Мне хотелось, чтобы в наших отношениях был ровный тон. Я не претендовал на его любовь, но чувствовал, что он мне симпатизирует, и никогда не давал повода, чтобы он обиделся на меня: к старости люди часто начинают обижаться по мелочам. Когда был его последний, прижизненный, юбилей, я послал ему телеграмму. Позже, во время встречи за кулисами на очередном правительственном концерте, Рашид Меджидович сказал: «Муслимчик, спасибо тебе, я получил твою телеграмму».
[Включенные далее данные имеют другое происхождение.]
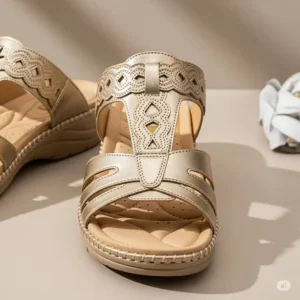 Comfortable gold sandals for women, featuring a stylish design and cushioned sole, perfect for all-day wear.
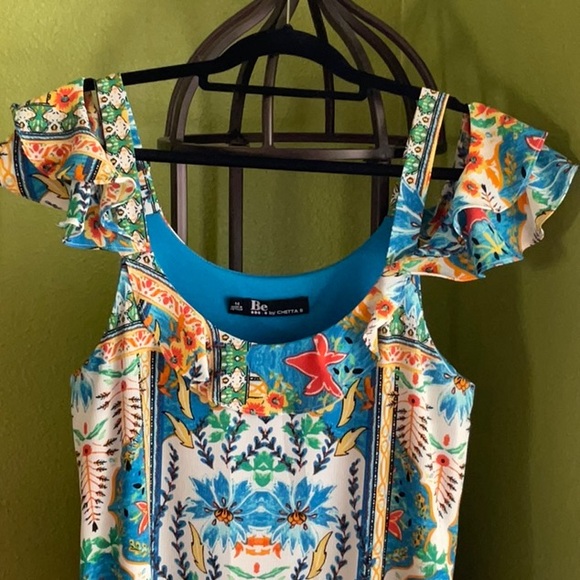 💖New Listing! Be by Chetta B, bright turquoise print w/off shoulder sleeves - Picture 3 of 4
Пел он долго. И потому долго, что пел правильно: Бейбутов знал свои возможности, соответственно строил репертуар. Постановка голоса у него была блестящая. Например, в музыкальном фильме «Любимая песня» он пел арию Рудольфа из «Богемы» Пуччини, где верхнее до — крайняя теноровая нота. Бейбутов взял ее легко…
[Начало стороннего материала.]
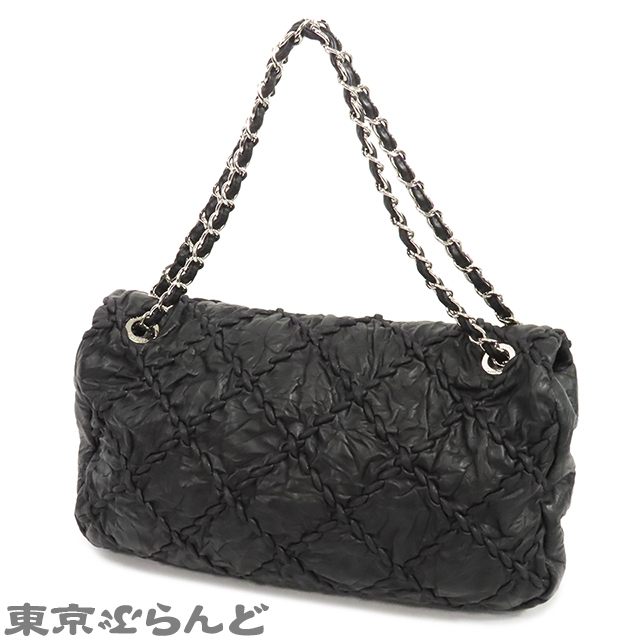 101790589 シャネル CHANEL ウルトラステッチ チェーンショルダーバッグ 15番台 ブラック シルバー金具 レザー レディース_画像2
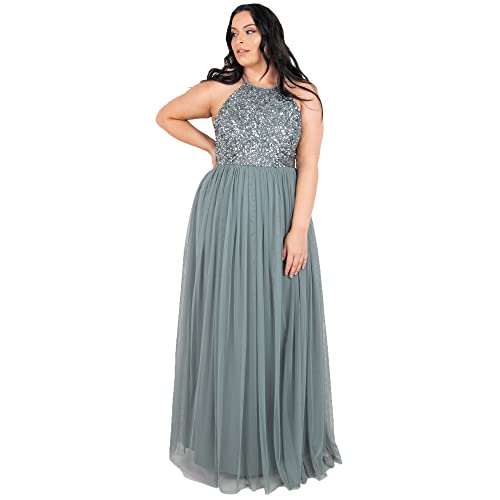 Maya Deluxe Damen Evening Sequins Cocktail Women's Tulle Halter Neck Evening Elegant for Weddi Bridesmaid Dress, Misty Green, 40 EU von Maya Deluxe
Недавно я получил от семьи Бейбутовых дорогой подарок — восстановленный фильм «Аршин мал алан» и тот самый фильм «Любимая песня», в чем-то похожий на «Музыкальную историю» с Лемешевым. Грешным делом подумал: «Сейчас, наверное, услышу не то пение, что меня в детстве потрясло. Ведь теперь-то я уже знаю, как надо петь, сам певец».

Я прослушал заново и не разочаровался — Бейбутов был Бейбутовым.
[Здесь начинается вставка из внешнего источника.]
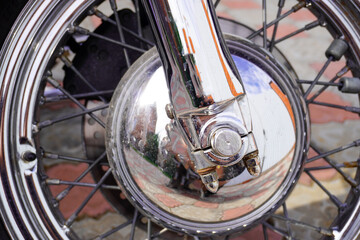Fototapeta premium motorcycle close-up from different sides, separate parts of the motorcycle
Он относился ко мне по-отечески. Журил за то, что я курю, позволяю себе выпить, советовал мне не употреблять слишком охлажденных напитков.

Вообще-то организм у меня довольно странный. Кто-то из певцов, когда простуживается, пьет горячее молоко, а я мороженое глотаю. Если у меня ангина или трахеит до потери голоса, то я не кутаюсь в шарф. Раскрикиваю глотку и пою как ни в чем не бывало. Из бронхов все отходит. Кстати, бронхи у меня слабые и подвержены простуде, а я люблю мороженое: ем его часто и помногу. И пью все со льдом. Певцы в экстренных случаях прибегают к адреналину, чтобы сосуды на связках сжать. Мне же адреналин влили всего один раз.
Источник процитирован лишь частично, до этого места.